Exercise brief> Reproduce the entries that follow exactly. No picture should appear in the result.

[Stored data]

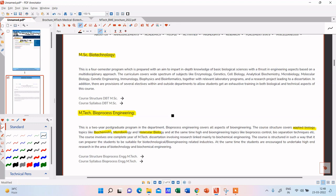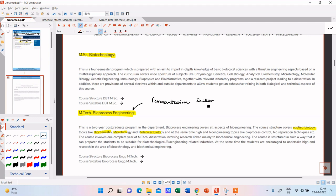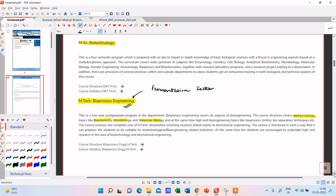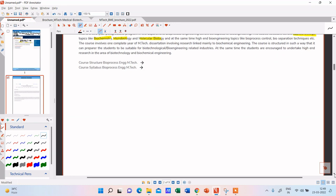I would like to add that Bioprocess Engineering is particularly valuable for students who want to pursue a job after their masters. Most job opportunities in this field exist in the fermentation sector and industry. If you do MTech Bioprocess Engineering you will be well-versed in this field and have a better chance of entering that sector. I would recommend this course for job-oriented students.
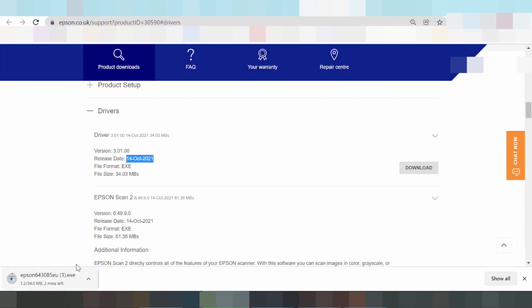Driver — if you install the driver, you turn on the printer. You put the USB cable from the printer to your laptop or PC. The PC or laptop will detect the USB cable and the printer.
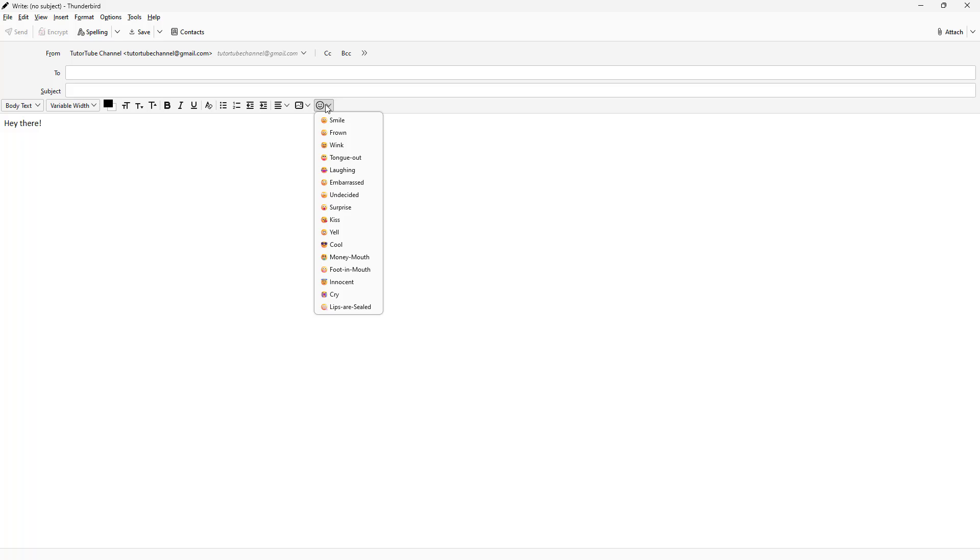For example, I'm going to say hey there just like this, and let's say this is an informal email. Then you can go over here on the insert a smiley face section and just insert a smiley face.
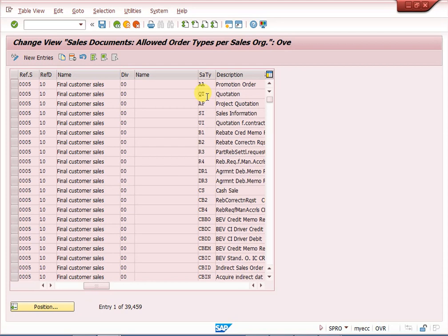To summarize, we use combined sales organization, distribution channels, and divisions to simplify our configuration. Similarly, common distribution channel and common division simplify user work — when creating customer and material master data, there is no need to extend them for every distribution channel and division. A separate video on common distribution channel and division is available on this channel — link in the description. Please watch it, subscribe to Neutral Mind channel, share with friends, and don't forget to like and comment.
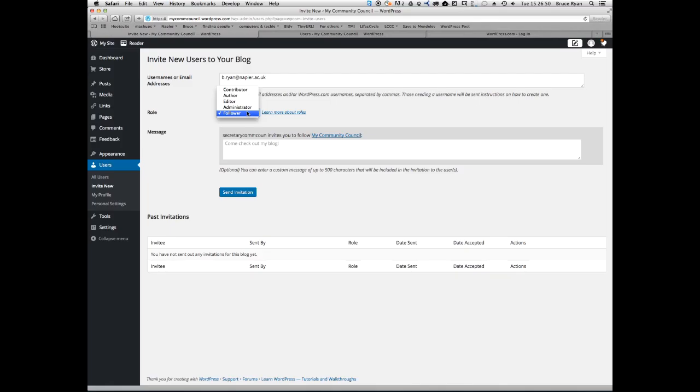An administrator can do everything on the site, including inviting other users and deleting the website.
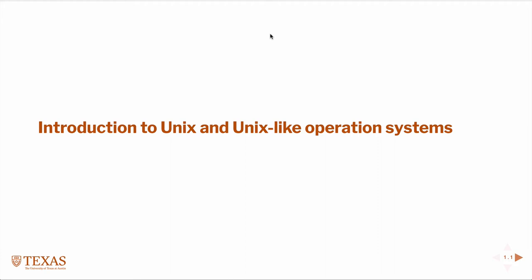This lecture is an introduction to UNIX and UNIX-like operating systems. In this class we're discussing high performance computing and parallel programming. Most large clusters designed to operate as massively parallel infrastructure are some flavor of UNIX, most likely Linux, but possibly some other form of UNIX.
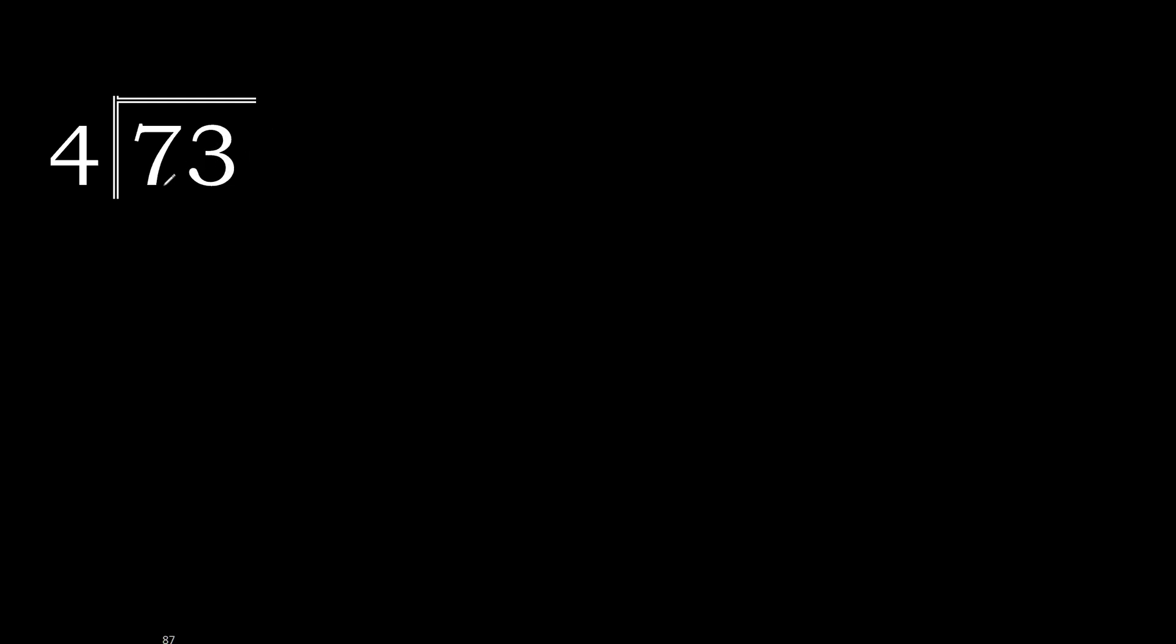73 divided by 4. 7 is not less, therefore with 7. 4 multiply by which number is nearest to 7 but not greater?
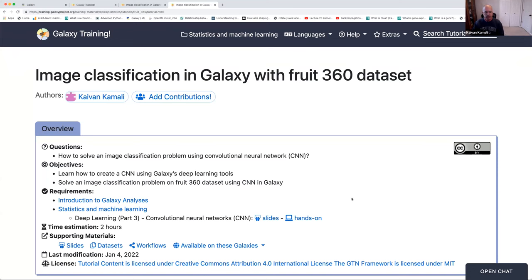Hello, everyone. My name is Kevan Kamali. I'm going to be presenting image classification in Galaxy with the Fruit360 dataset. I'm a member of the Galaxy team at Penn State University. This tutorial has two sections: first, I'll go over some slides to discuss convolutional neural networks — the model we'll use for image classification — and I'll briefly talk about the Fruit360 dataset. Afterwards, we'll move to usegalaxy.org to implement the neural network, train it, evaluate it, and visualize the results.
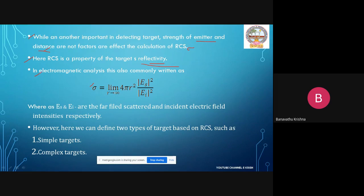The radar cross-section equation in electromagnetic analysis is commonly written as: sigma equals the limit as r tends to infinity of 4 pi r squared, multiplied by the scattered electric field intensity divided by the incident electric field intensity, where Es and Ei are the far-field scattered and incident electric field intensities respectively.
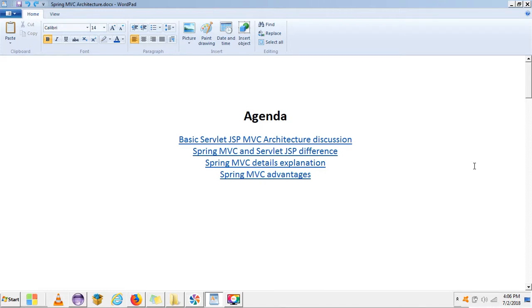Hi, welcome to this tutorial on Spring MVC. This is the first video about Spring MVC and I'm going to cover all the components and concepts behind Spring MVC. I'm also going to create an e-commerce demo application where I cover all the different concepts and components of Spring MVC.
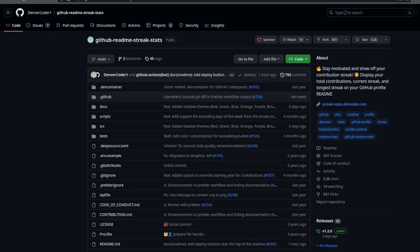Hello everyone, in this video I want to show you how to self-host GitHub Readme Streak Stats.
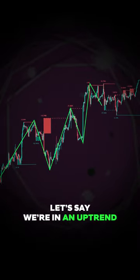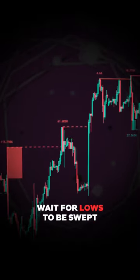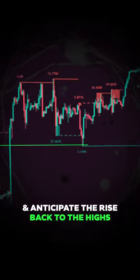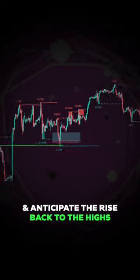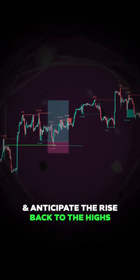Let's say we're in an uptrend. Wait for lows to be swept and anticipate the rise back to the highs.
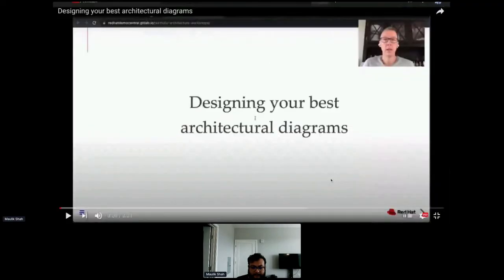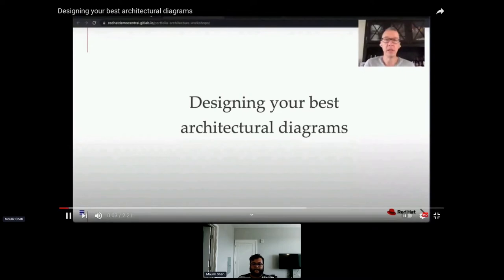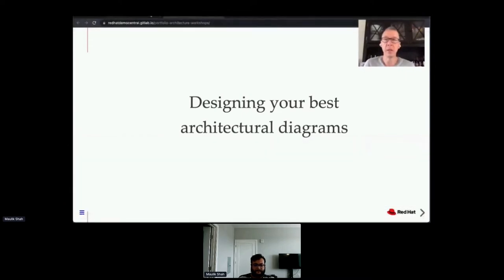Hello everybody and welcome. My name is Eric D. Shabel, and if you're in the right place, you're getting ready to start a workshop around designing your best architectural diagrams.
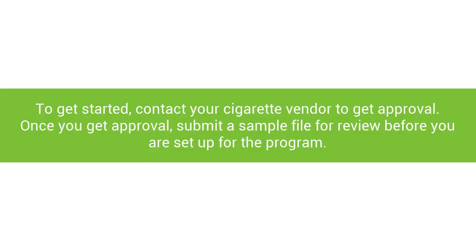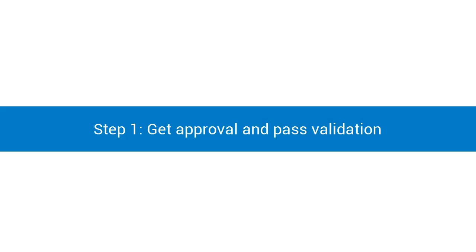To get started, contact your cigarette vendor to get approval first. Once you get approval, they will request that you submit a sample file for review before you set up for the program. Step one: get approval and pass validation step.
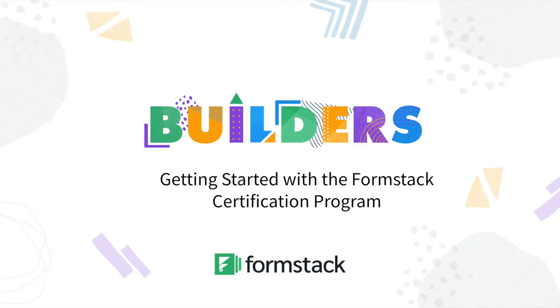In this Builders Demo, we're going to show you how to get started with the Formstack Certification program. Formstack certification is offered on demand as a training resource for Formstack users and data managers alike.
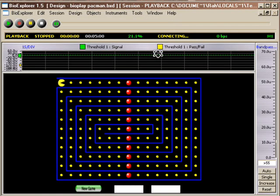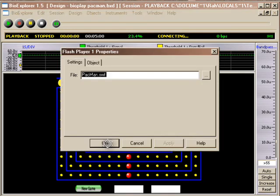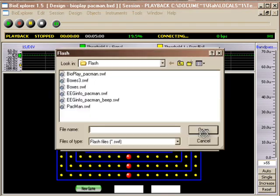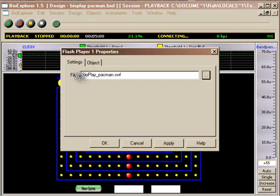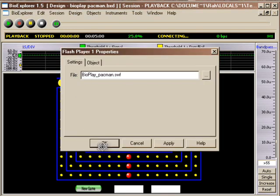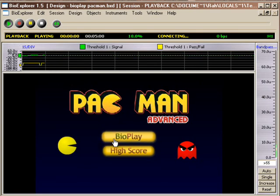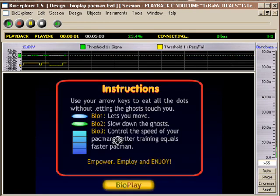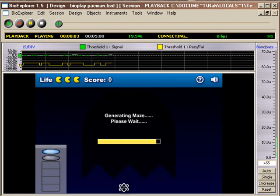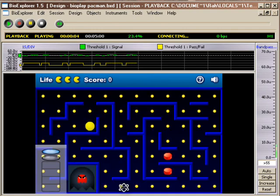It already has a Flash Player and I'm going to go ahead and load the BioPlay Pac-Man and let's just give it a try straight ahead. First in play, this is Alpha Training, but it could be any kind of training.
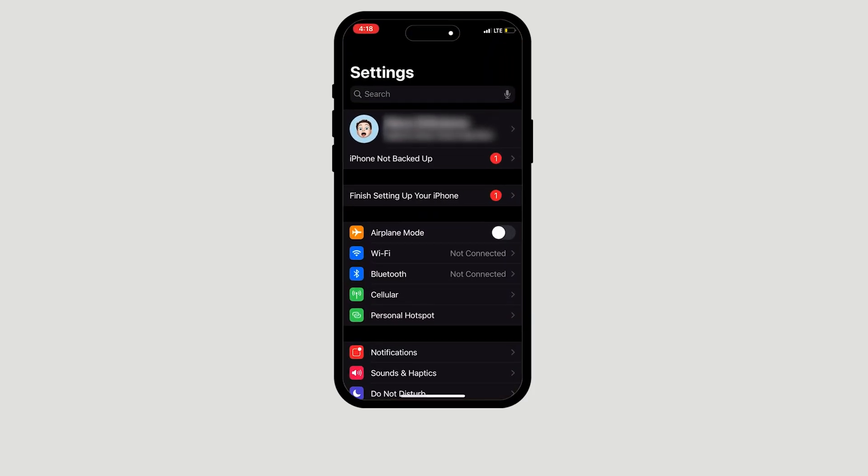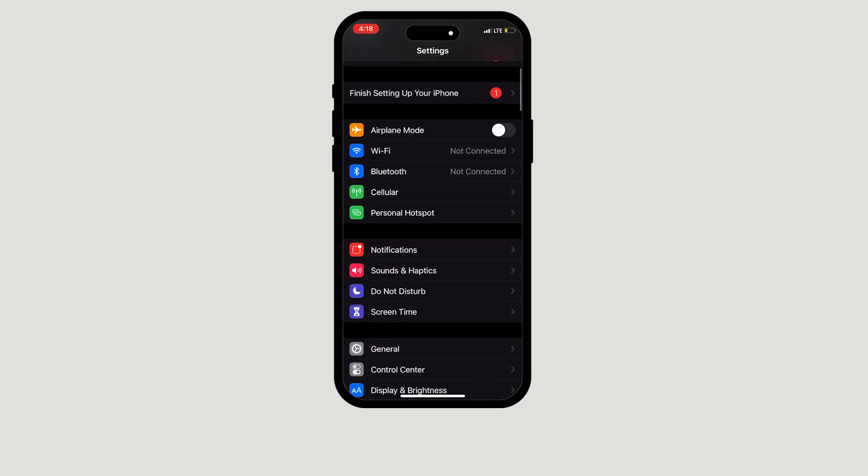Once you've opened the Settings application, scroll until you see Cellular, which will be between Bluetooth and Personal Hotspot. Once you've found Cellular, click to open.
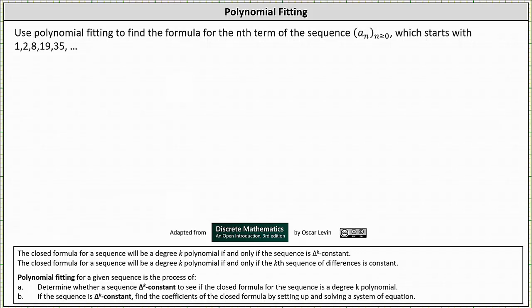We're asked to use polynomial fitting to find the formula for the nth term of the sequence a sub n, with n greater than or equal to zero, which starts with 1, 2, 8, 19, 35, and so on.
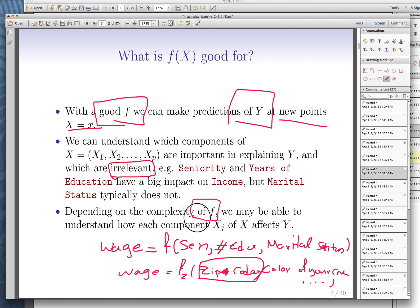Depending on the functional form you choose, if you use a linear functional form, you may be able to understand how each component affects the outcome. For example, with a linear functional form, you can say how having an extra year of education on average affects income, or how married people differ in income. So if you have a choice between two functions with the same predictability, always choose the one that is more interpretable — you can understand the effect of each input on your response.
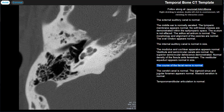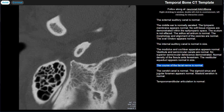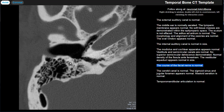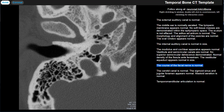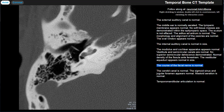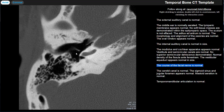As a bonus structure, occasionally you can make out a small structure coming off the facial nerve that courses superiorly and enters the middle ear — on this study you can see a tiny wisp of it. That's the chorda tympani nerve. It courses between the malleus and the incus and exits through the petrotympanic fissure to join the lingual nerve and supply taste from the anterior two-thirds of the tongue.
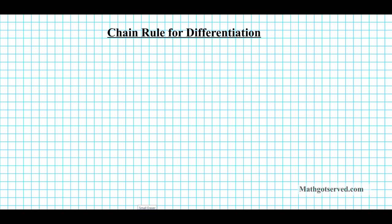Good day students. In this video we are going to be going over two examples on chain rule for differentiation. So before we get started on the examples, let's take a look at the formula for the chain rule.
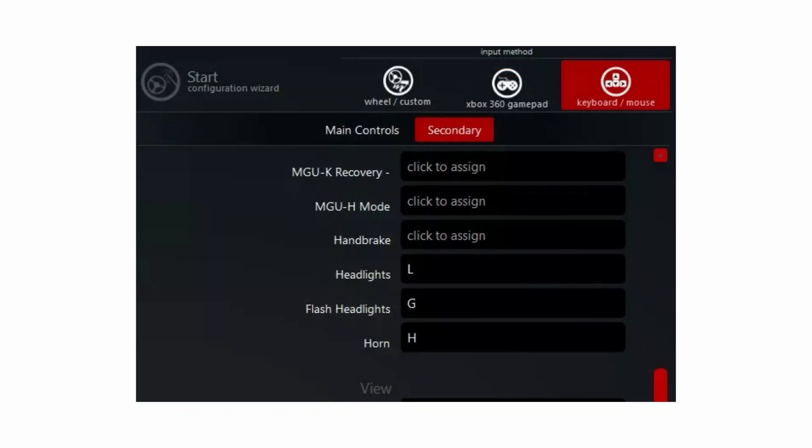Now first off, if we head on over, you can click on something to assign what key you want to press to do that. So for example, if you want handbrake, you want to click on assign and then you can use space for handbrake.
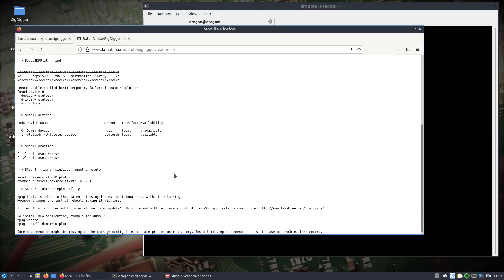All right, I'm pretty excited about this. Perfect day to show this. We're going to give our Pluto SDR some independence here and essentially build portions of SigDigger or install portions of SigDigger on the Pluto SDR to allow it to run completely headless and have a way to access it outside of the local network.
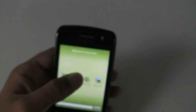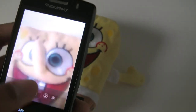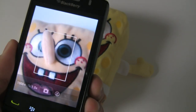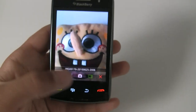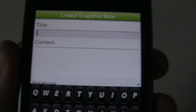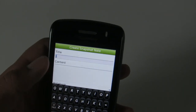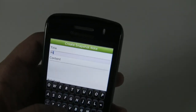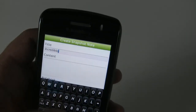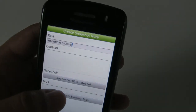Next up, we have the option to make a snapshot, which will open the native camera application. I have this subject here of which we can take a picture. Now we need to back out from the camera application, and then we have this familiar screen again. We don't actually need to put in any content, since the snapshot itself is the content, so I'll just give it a title — 'incredible picture.' I'll also tag this with 'Berry.'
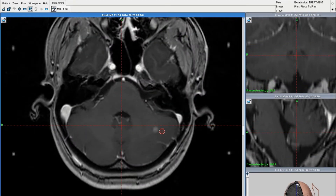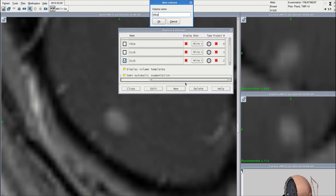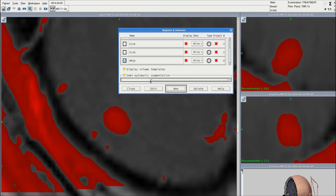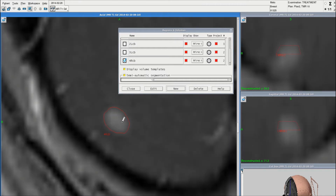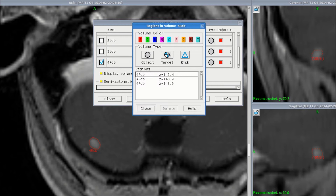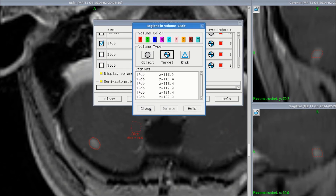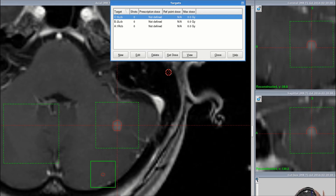In this patient we have four lesions to which we each want to give a dose of 20 gray. First let's outline the lesions and define them as targets. Then let's place target matrices around each of these lesions. Now we're ready to plan each target.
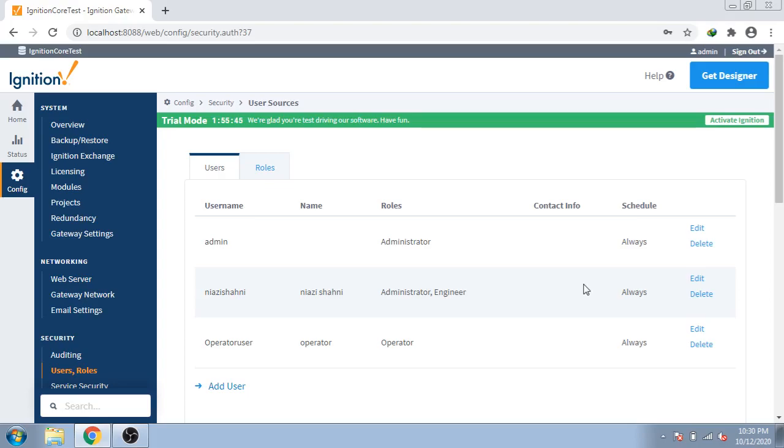I try to tell you how you create different users and roles in Ignition Skada for only on flexible things. Thank you so much.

Task result>
I would like to add that Bioprocess Engineering is particularly valuable for students who want to pursue a job after their masters. Most job opportunities in this field exist in the fermentation sector and industry. If you do MTech Bioprocess Engineering you will be well-versed in this field and have a better chance of entering that sector. I would recommend this course for job-oriented students.
Driver — if you install the driver, you turn on the printer. You put the USB cable from the printer to your laptop or PC. The PC or laptop will detect the USB cable and the printer.
For example, I'm going to say hey there just like this, and let's say this is an informal email. Then you can go over here on the insert a smiley face section and just insert a smiley face.
To summarize, we use combined sales organization, distribution channels, and divisions to simplify our configuration. Similarly, common distribution channel and common division simplify user work — when creating customer and material master data, there is no need to extend them for every distribution channel and division. A separate video on common distribution channel and division is available on this channel — link in the description. Please watch it, subscribe to Neutral Mind channel, share with friends, and don't forget to like and comment.
An administrator can do everything on the site, including inviting other users and deleting the website.
This lecture is an introduction to UNIX and UNIX-like operating systems. In this class we're discussing high performance computing and parallel programming. Most large clusters designed to operate as massively parallel infrastructure are some flavor of UNIX, most likely Linux, but possibly some other form of UNIX.
73 divided by 4. 7 is not less, therefore with 7. 4 multiply by which number is nearest to 7 but not greater?
Hello, everyone. My name is Kevan Kamali. I'm going to be presenting image classification in Galaxy with the Fruit360 dataset. I'm a member of the Galaxy team at Penn State University. This tutorial has two sections: first, I'll go over some slides to discuss convolutional neural networks — the model we'll use for image classification — and I'll briefly talk about the Fruit360 dataset. Afterwards, we'll move to usegalaxy.org to implement the neural network, train it, evaluate it, and visualize the results.
The radar cross-section equation in electromagnetic analysis is commonly written as: sigma equals the limit as r tends to infinity of 4 pi r squared, multiplied by the scattered electric field intensity divided by the incident electric field intensity, where Es and Ei are the far-field scattered and incident electric field intensities respectively.
Hi, welcome to this tutorial on Spring MVC. This is the first video about Spring MVC and I'm going to cover all the components and concepts behind Spring MVC. I'm also going to create an e-commerce demo application where I cover all the different concepts and components of Spring MVC.
Hello everyone, in this video I want to show you how to self-host GitHub Readme Streak Stats.
Let's say we're in an uptrend. Wait for lows to be swept and anticipate the rise back to the highs.
Hello everybody and welcome. My name is Eric D. Shabel, and if you're in the right place, you're getting ready to start a workshop around designing your best architectural diagrams.
To get started, contact your cigarette vendor to get approval first. Once you get approval, they will request that you submit a sample file for review before you set up for the program. Step one: get approval and pass validation step.
In this Builders Demo, we're going to show you how to get started with the Formstack Certification program. Formstack certification is offered on demand as a training resource for Formstack users and data managers alike.
It already has a Flash Player and I'm going to go ahead and load the BioPlay Pac-Man and let's just give it a try straight ahead. First in play, this is Alpha Training, but it could be any kind of training.
Once you've opened the Settings application, scroll until you see Cellular, which will be between Bluetooth and Personal Hotspot. Once you've found Cellular, click to open.
We're asked to use polynomial fitting to find the formula for the nth term of the sequence a sub n, with n greater than or equal to zero, which starts with 1, 2, 8, 19, 35, and so on.
Depending on the functional form you choose, if you use a linear functional form, you may be able to understand how each component affects the outcome. For example, with a linear functional form, you can say how having an extra year of education on average affects income, or how married people differ in income. So if you have a choice between two functions with the same predictability, always choose the one that is more interpretable — you can understand the effect of each input on your response.
As a bonus structure, occasionally you can make out a small structure coming off the facial nerve that courses superiorly and enters the middle ear — on this study you can see a tiny wisp of it. That's the chorda tympani nerve. It courses between the malleus and the incus and exits through the petrotympanic fissure to join the lingual nerve and supply taste from the anterior two-thirds of the tongue.
Good day students. In this video we are going to be going over two examples on chain rule for differentiation. So before we get started on the examples, let's take a look at the formula for the chain rule.
Now first off, if we head on over, you can click on something to assign what key you want to press to do that. So for example, if you want handbrake, you want to click on assign and then you can use space for handbrake.
All right, I'm pretty excited about this. Perfect day to show this. We're going to give our Pluto SDR some independence here and essentially build portions of SigDigger or install portions of SigDigger on the Pluto SDR to allow it to run completely headless and have a way to access it outside of the local network.
Next up, we have the option to make a snapshot, which will open the native camera application. I have this subject here of which we can take a picture. Now we need to back out from the camera application, and then we have this familiar screen again. We don't actually need to put in any content, since the snapshot itself is the content, so I'll just give it a title — 'incredible picture.' I'll also tag this with 'Berry.'
In this patient we have four lesions to which we each want to give a dose of 20 gray. First let's outline the lesions and define them as targets. Then let's place target matrices around each of these lesions. Now we're ready to plan each target.
I try to tell you how you create different users and roles in Ignition Skada for only on flexible things. Thank you so much.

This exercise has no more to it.